The super-heater section of the steam generator 225 typically includes a set of primary and secondary super-heaters. The primary and secondary super-heaters constitute two separate banks of boiler tubes that are used to heat steam to a desired temperature. This temperature determines various operating parameters such as efficiency and protection, of the steam turbine 115. Consequently, the steam temperature has to be properly controlled. Temperature control is usually achieved by admitting a fine spray of water into the steam generator 225 through the attemperator 230. The attemperator 230, which is typically located between the primary and secondary super-heaters, includes a sprayer assembly through which water is sprayed on to the steam when the temperature of the steam is to be decreased. Understandably, lowering the temperature of the steam leads to a reduction in the thermal efficiency of the heat recovery steam generator 110. Consequently, the control system 120 can be used to optimize the operation of the attemperator 230 to address this issue.

The control system 120 can be further used to control the various elements of the combined cycle power plant 100 to provide for an increased turndown capability of the combined cycle power plant 100 along with an improvement in a combined cycle heat rate generated by the combined cycle power plant 100. The turndown capability of the combined cycle power plant 100 pertains to a capability of the combined cycle power plant 100 to vary the operation of the gas turbine 105 and/or the steam turbine 115 in response to varying demands of the load coupled to the electrical grid. However, varying the operation of the gas turbine 105, by turning down the heat rate of operation of the gas turbine 105, for example, can lead to some adverse effects in the heat recovery steam generator 110 that depends upon the heat characteristics of the exhaust gases provided by the gas turbine 105 to the heat recovery steam generator 110 via the exhaust port 203 and the conduit 101.

In a traditional combined cycle power plant, the heat recovery steam generator 110 may operate autonomously to vary the spray rate of water in the attemperator 230 (for example, to compensate for the modified heat rate). In some cases, this operation can be based on a pre-determined schedule of operations that is planned ahead of time based on empirical data pertaining to load variations. The pre-determined schedule may be used to operate the gas turbine 105 and the heat recovery steam generator 110 (independent of each other) at certain times of the day, for example. When executed in this independent manner, one criterion for operating the gas turbine 105 can be emission requirements dictated by various regulatory agencies. For example, the gas turbine 105 may be configured to operate during certain times in a manner that reduces emissions to a certain level. Though this action may prove satisfactory for meeting the emission requirements, it may lead to the heat recovery steam generator 110 operating in a less than desired manner. More particularly, the attemperator 230 may continue to operate at a spray rate that does not take into consideration steam saturation and/or super-heating conditions created as a result of modifying the heat rate of the gas turbine 105 so as to operate within emission requirements.

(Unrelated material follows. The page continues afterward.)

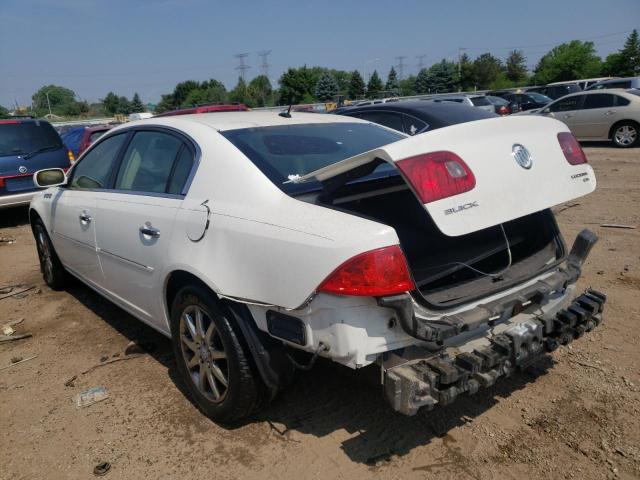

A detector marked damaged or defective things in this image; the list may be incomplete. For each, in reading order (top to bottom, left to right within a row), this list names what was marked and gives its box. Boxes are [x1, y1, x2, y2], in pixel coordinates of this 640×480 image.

damaged rear end [290, 114, 604, 414]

FIG. 3 illustrates some additional example components of the combined cycle power plant 100 in accordance with certain embodiments of the disclosure. The additional example components are various sensors that are located in various places for sensing various operating parameters of the combined cycle power plant 100. The information gathered by the various sensors is provided to the control system 120 in the form of sensor data that is processed by the control system 120 for generating control signals used for operating various controllers that modify the operating parameters of the combined cycle power plant 100.

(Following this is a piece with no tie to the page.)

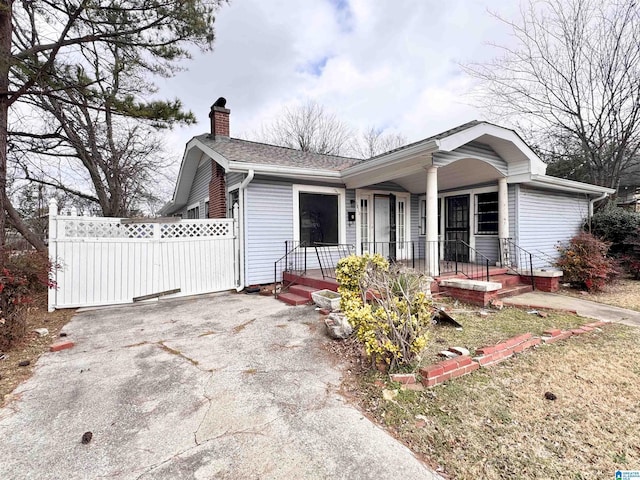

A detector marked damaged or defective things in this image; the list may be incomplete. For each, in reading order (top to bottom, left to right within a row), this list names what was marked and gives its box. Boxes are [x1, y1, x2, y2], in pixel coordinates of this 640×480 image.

cracked pavement [0, 290, 440, 478]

Among the various sensors, the sensor 301 can be a heat sensor that monitors a temperature at the intake port 202. Sensor 303 can be a speed sensor that monitors the rotational speed of the rotary shaft 201. Sensor 304 can be a heat sensor that monitors the temperature of the exhaust gas flowing from the turbine 220 to the steam generator 225 via the conduit 101. The temperature of the exhaust gas can constitute data pertaining to the heat rate of the turbine 220 and this heat rate data can be used by the control system 120 to derive various control signals, such as a fuel control signal that is provided to the fuel controller 210 via a control link 311. The fuel controller 210 can vary the amount of fuel injected into the combustor 215 so as to modify the exhaust gas temperature and heat rate in a manner determined by the control system 120. The modification of the heat rate can be further executed by using additional sensor data such as rotational speed data provided by the sensor 303.

Sensor 306 can be a heat sensor that monitors the temperature of the steam flowing from the heat recovery steam generator 110 to the steam turbine 115 via the conduit 102. The temperature of the steam can constitute data pertaining to various conditions such as saturation and superheating and this data can be used by the control system 120 to derive various control signals, such as an attemperator control signal that is provided to the attemperator 230 via a control link 312. The attemperator control signal can be further derived using temperature data provided by a heat sensor 309 that monitors the spray rate of the spray 308 of the attemperator 230. For example, the control system 120 can detect that the spray rate is inappropriate in view of the steam being superheated and/or at saturation and can suitably tailor the attemperator control signal provided to the attemperator 230.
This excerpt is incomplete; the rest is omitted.